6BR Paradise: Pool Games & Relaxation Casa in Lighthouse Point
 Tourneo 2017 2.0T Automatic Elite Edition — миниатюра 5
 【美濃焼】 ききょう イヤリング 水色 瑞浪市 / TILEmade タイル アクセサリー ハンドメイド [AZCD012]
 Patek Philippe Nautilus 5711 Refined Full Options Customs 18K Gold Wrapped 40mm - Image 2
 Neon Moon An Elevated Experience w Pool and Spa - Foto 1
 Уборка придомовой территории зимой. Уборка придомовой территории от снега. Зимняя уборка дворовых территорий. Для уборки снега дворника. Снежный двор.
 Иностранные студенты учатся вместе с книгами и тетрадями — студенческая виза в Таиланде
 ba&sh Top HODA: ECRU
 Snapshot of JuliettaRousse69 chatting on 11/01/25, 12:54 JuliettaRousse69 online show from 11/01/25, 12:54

#### [Task requirements]
Nothing should be left out: copy the material exactly.

#### [The answer]
6BR Paradise: Pool Games & Relaxation Casa in Lighthouse Point
 Tourneo 2017 2.0T Automatic Elite Edition — миниатюра 5
 【美濃焼】 ききょう イヤリング 水色 瑞浪市 / TILEmade タイル アクセサリー ハンドメイド [AZCD012]
 Patek Philippe Nautilus 5711 Refined Full Options Customs 18K Gold Wrapped 40mm - Image 2
 Neon Moon An Elevated Experience w Pool and Spa - Foto 1
 Уборка придомовой территории зимой. Уборка придомовой территории от снега. Зимняя уборка дворовых территорий. Для уборки снега дворника. Снежный двор.
 Иностранные студенты учатся вместе с книгами и тетрадями — студенческая виза в Таиланде
 ba&sh Top HODA: ECRU
 Snapshot of JuliettaRousse69 chatting on 11/01/25, 12:54 JuliettaRousse69 online show from 11/01/25, 12:54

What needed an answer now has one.